§ **TASK MATERIAL**:
_ _ _

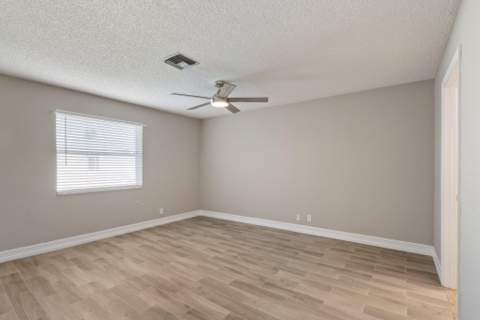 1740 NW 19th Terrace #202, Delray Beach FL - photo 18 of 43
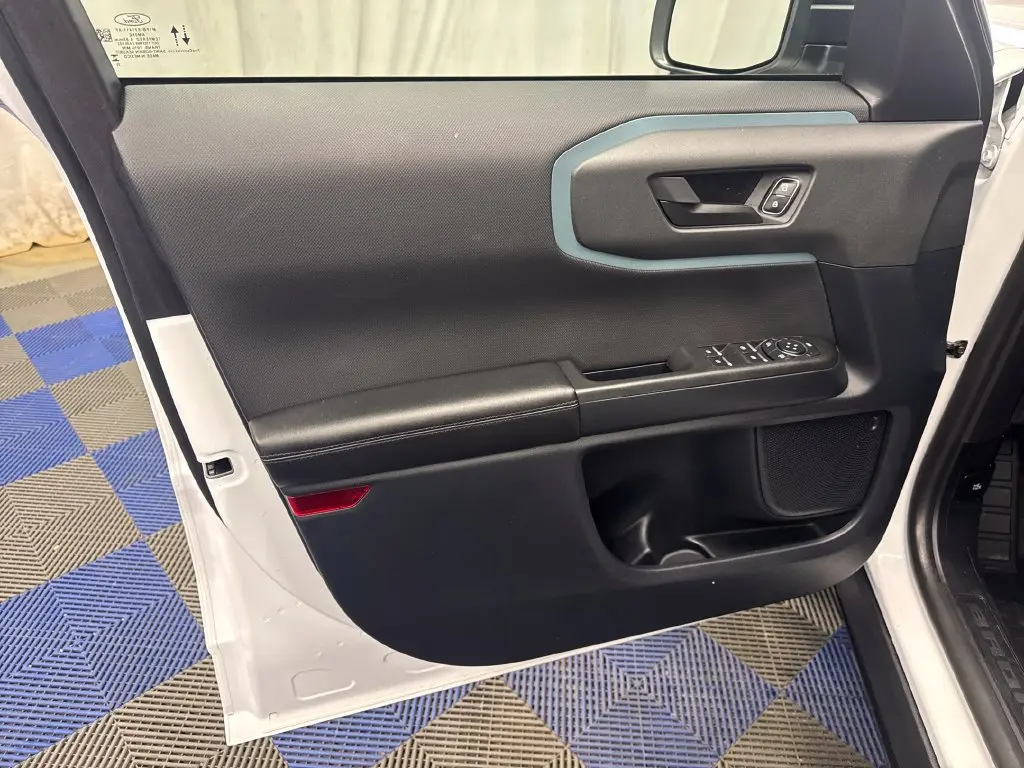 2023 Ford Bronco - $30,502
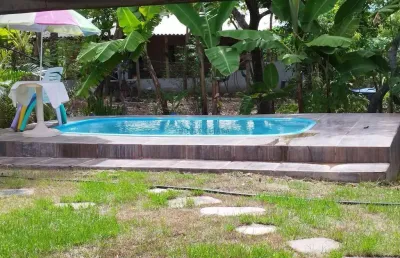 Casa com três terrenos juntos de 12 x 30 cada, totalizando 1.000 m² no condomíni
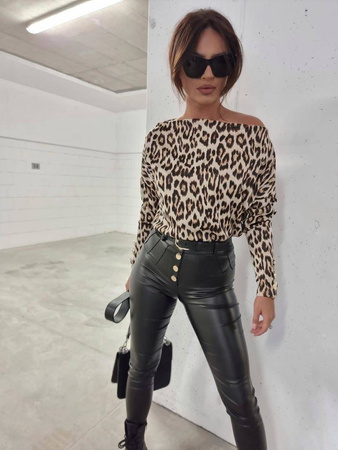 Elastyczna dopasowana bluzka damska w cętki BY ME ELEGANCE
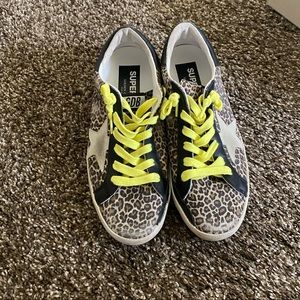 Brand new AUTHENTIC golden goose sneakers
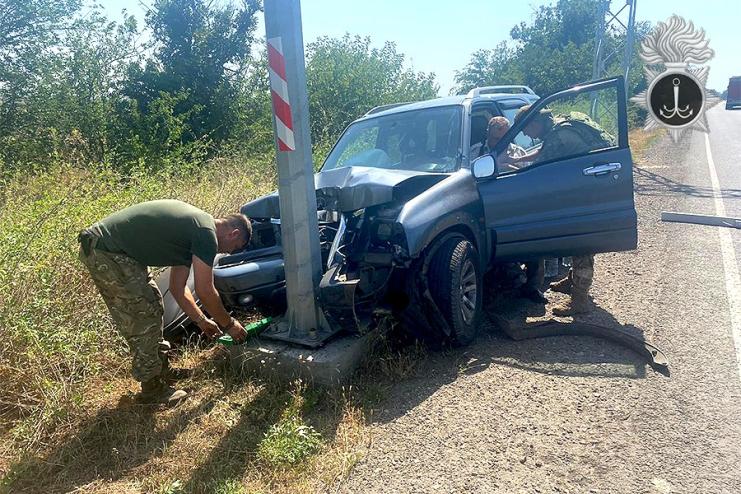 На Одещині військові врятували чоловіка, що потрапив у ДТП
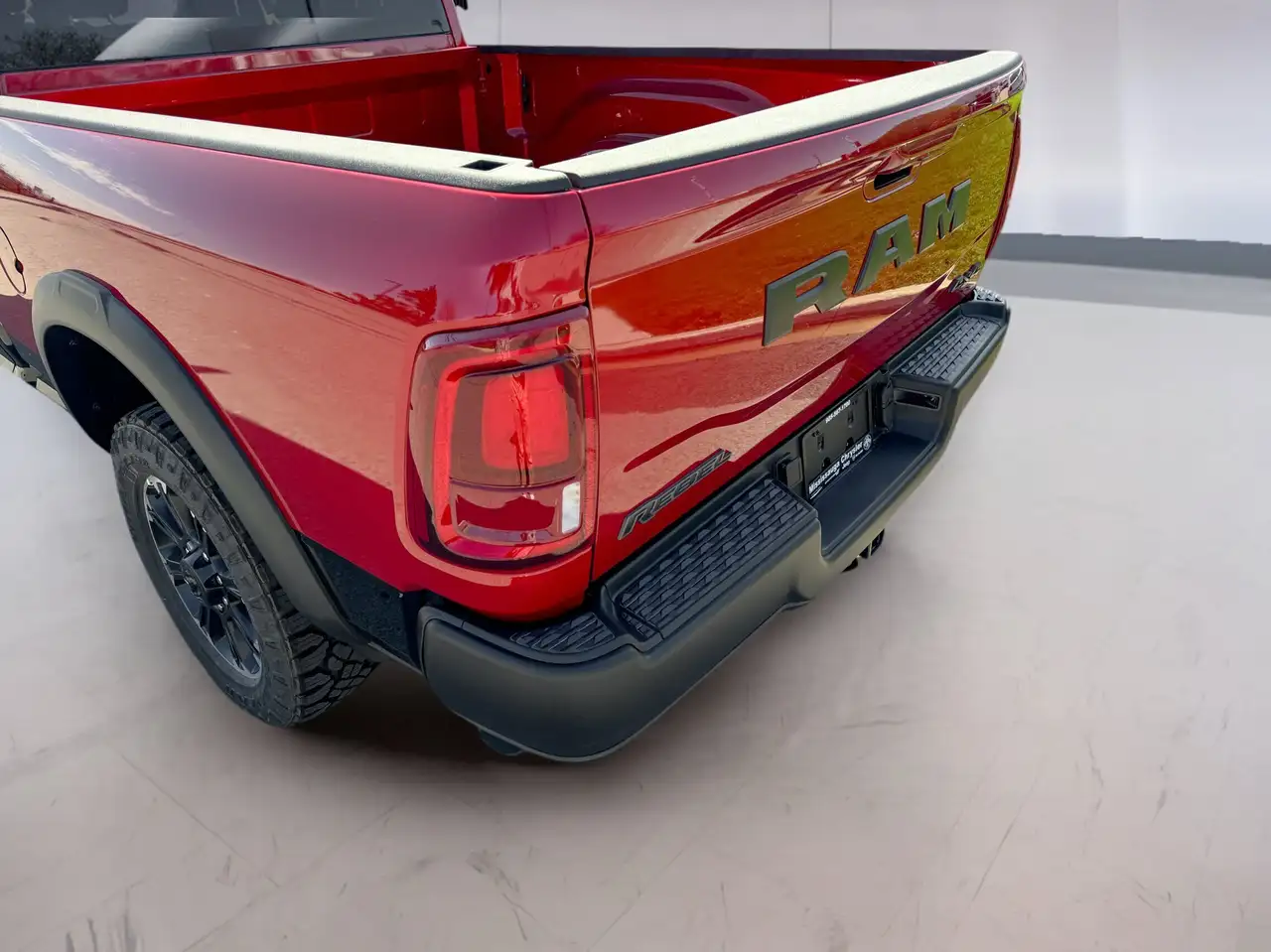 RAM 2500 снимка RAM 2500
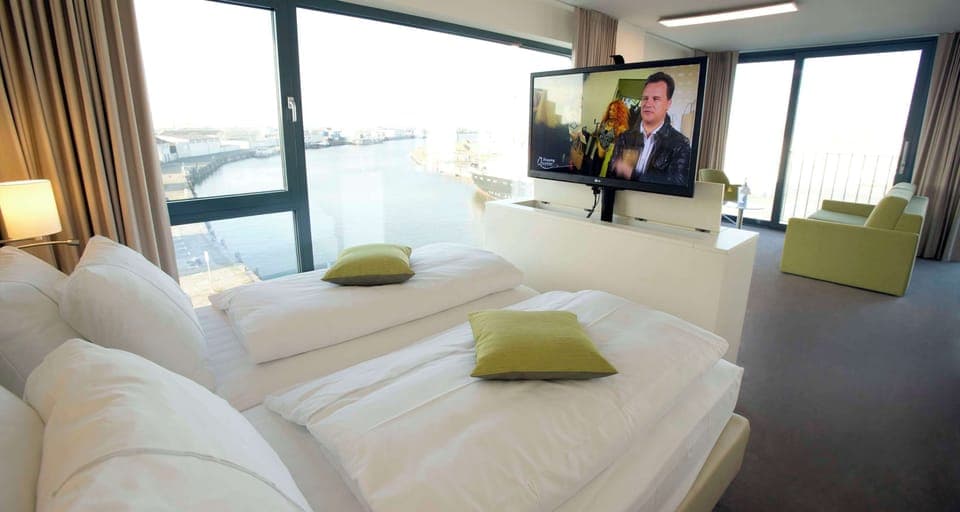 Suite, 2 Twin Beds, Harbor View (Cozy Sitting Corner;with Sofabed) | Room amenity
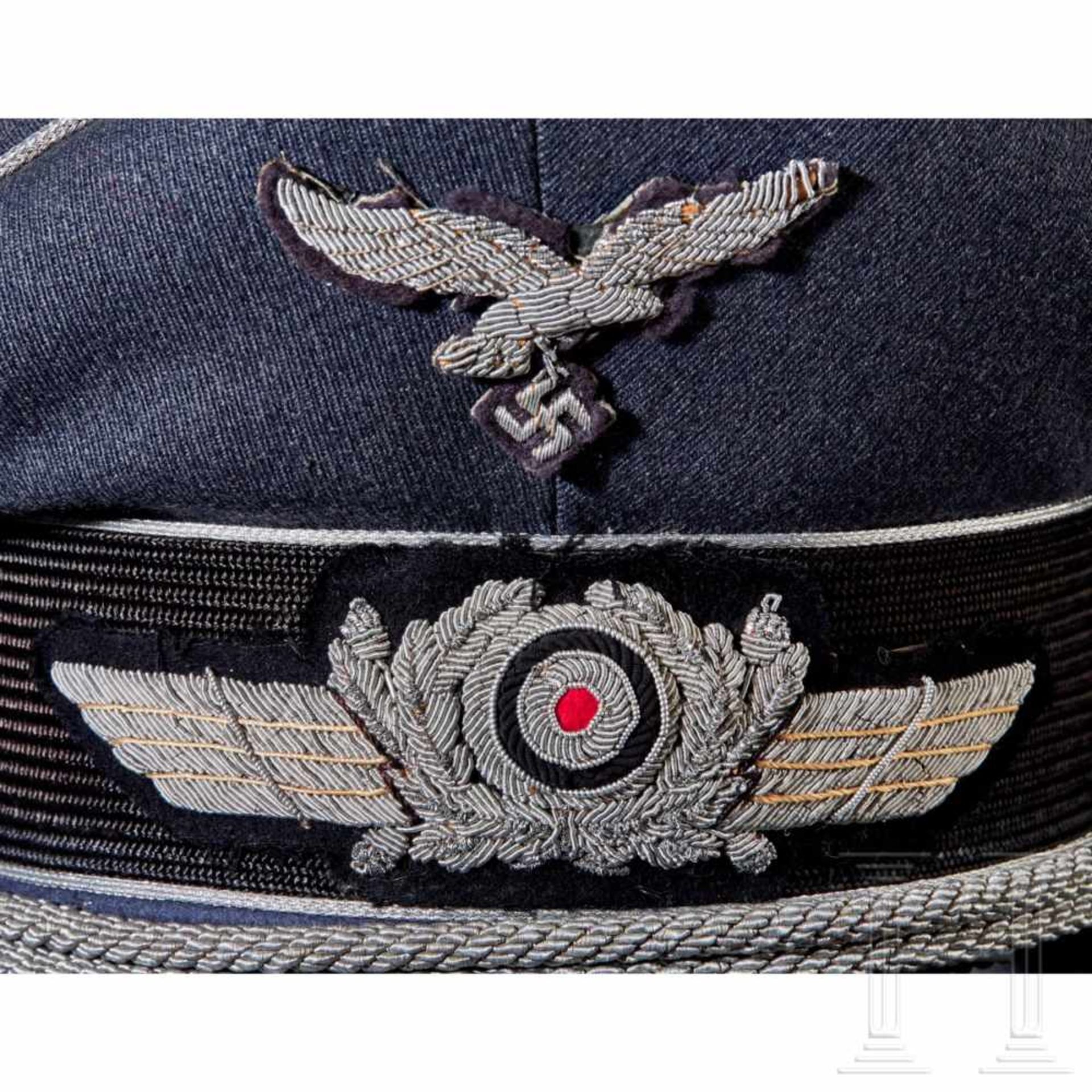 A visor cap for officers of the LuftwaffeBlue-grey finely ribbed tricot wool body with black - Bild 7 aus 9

_ _ _

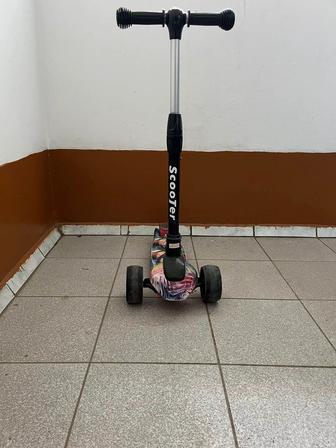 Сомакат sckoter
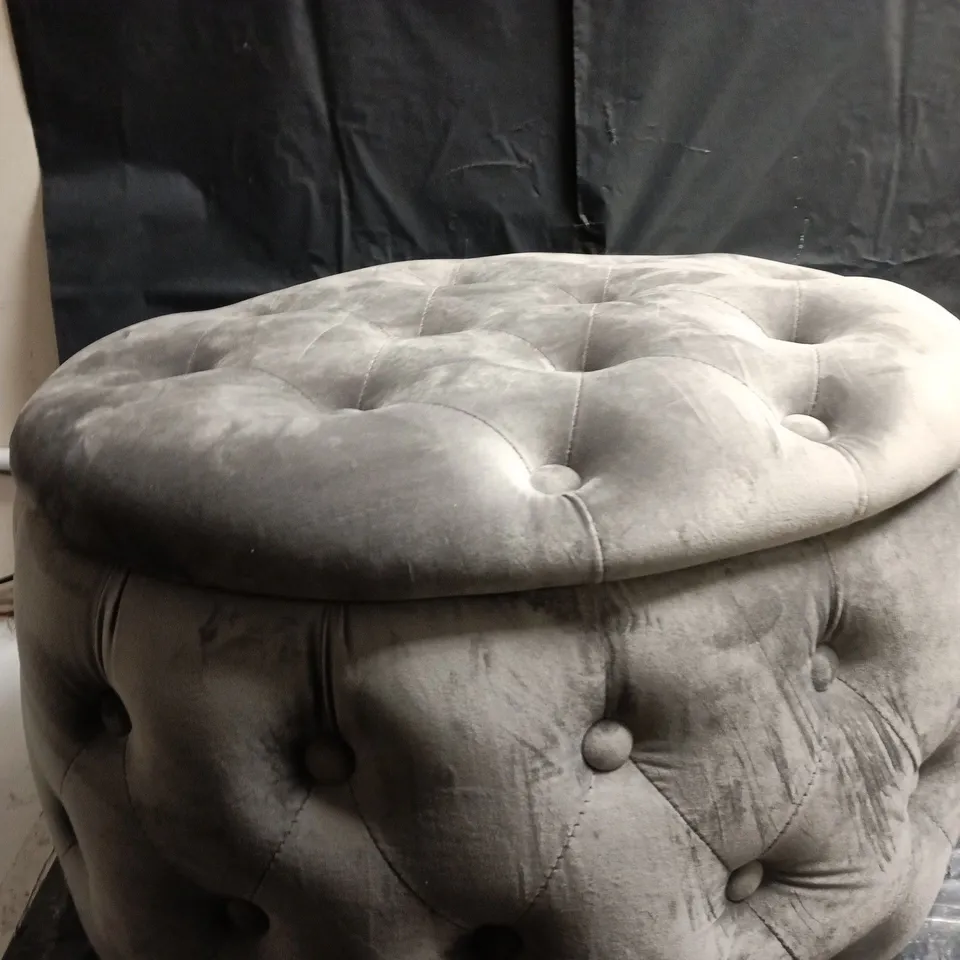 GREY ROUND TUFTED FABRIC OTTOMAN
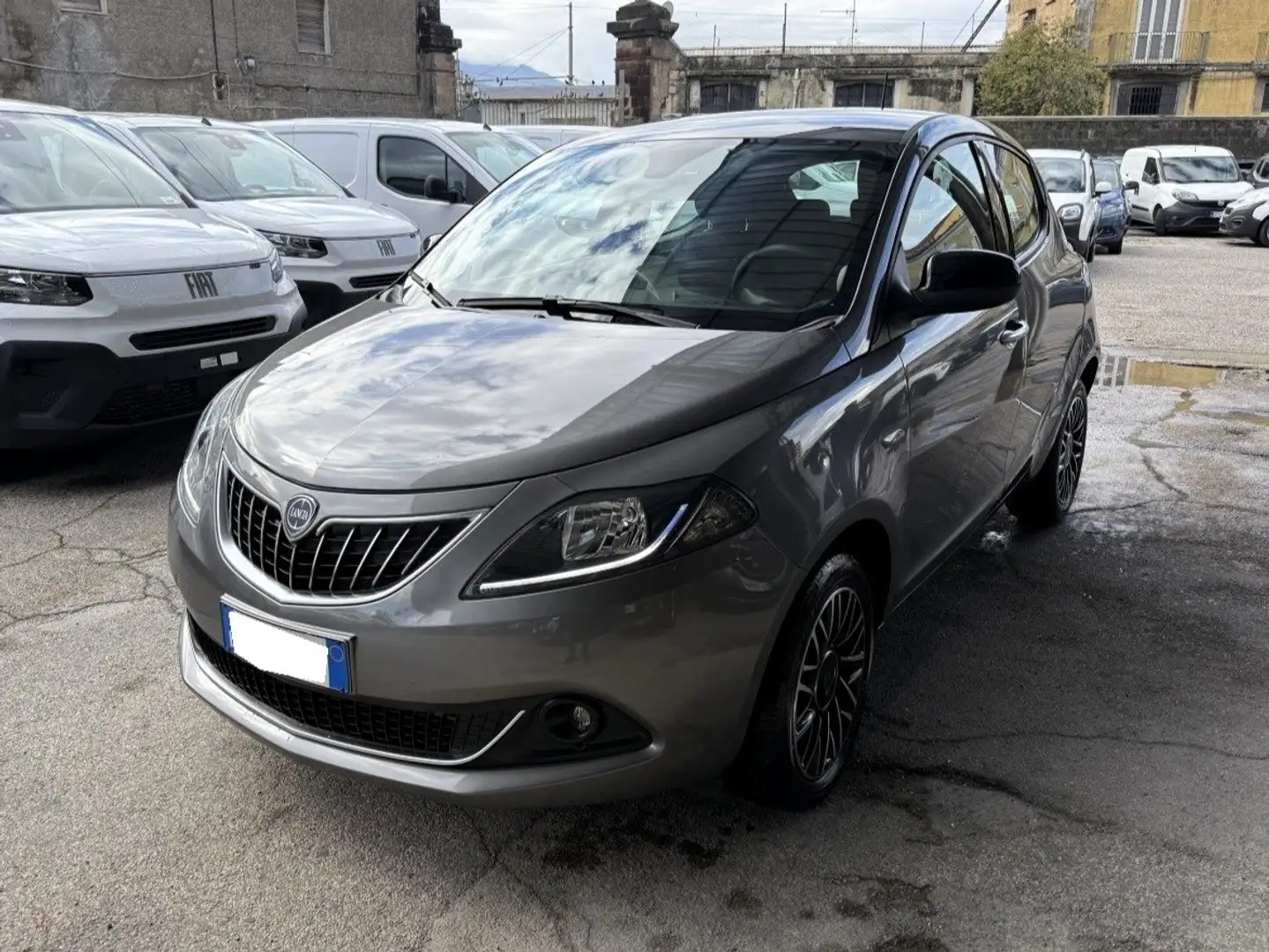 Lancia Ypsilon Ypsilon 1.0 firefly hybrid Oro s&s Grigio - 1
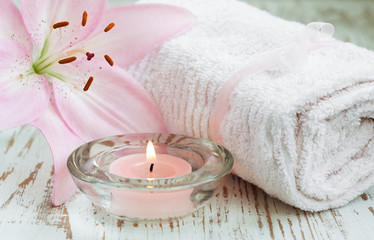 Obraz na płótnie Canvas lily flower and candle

_ _ _

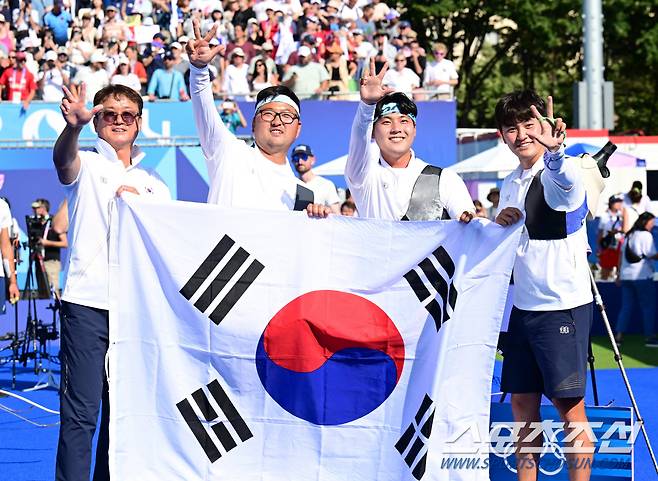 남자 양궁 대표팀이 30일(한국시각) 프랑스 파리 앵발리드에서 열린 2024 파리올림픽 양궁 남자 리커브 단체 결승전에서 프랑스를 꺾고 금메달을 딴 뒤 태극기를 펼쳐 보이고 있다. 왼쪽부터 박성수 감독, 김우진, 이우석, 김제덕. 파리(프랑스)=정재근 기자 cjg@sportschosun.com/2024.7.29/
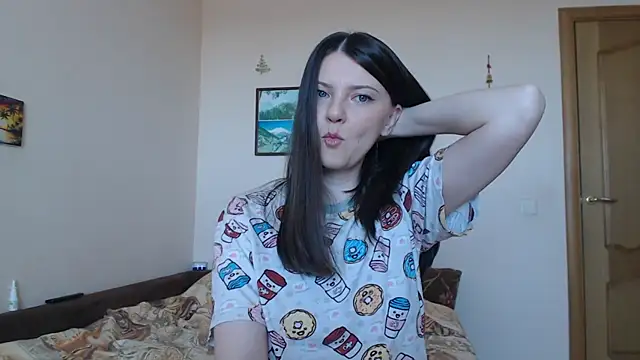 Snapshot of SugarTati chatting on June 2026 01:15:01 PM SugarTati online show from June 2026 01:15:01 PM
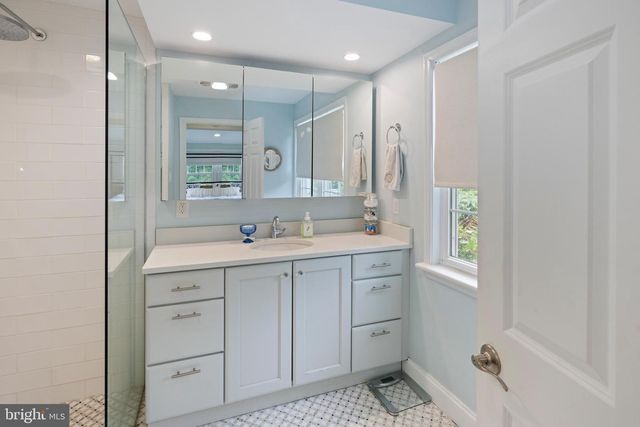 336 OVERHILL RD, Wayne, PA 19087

_ _ _

§ **EXERCISE GOAL**:
The reply should hold the entries above from the line with "1740 NW 19th" to the line with "A visor cap", duplicated exactly, pictures excluded.

§ **RESULT FOR THIS EXERCISE**:
 1740 NW 19th Terrace #202, Delray Beach FL - photo 18 of 43
 2023 Ford Bronco - $30,502
 Casa com três terrenos juntos de 12 x 30 cada, totalizando 1.000 m² no condomíni
 Elastyczna dopasowana bluzka damska w cętki BY ME ELEGANCE
 Brand new AUTHENTIC golden goose sneakers
 На Одещині військові врятували чоловіка, що потрапив у ДТП
 RAM 2500 снимка RAM 2500
 Suite, 2 Twin Beds, Harbor View (Cozy Sitting Corner;with Sofabed) | Room amenity
 A visor cap for officers of the LuftwaffeBlue-grey finely ribbed tricot wool body with black - Bild 7 aus 9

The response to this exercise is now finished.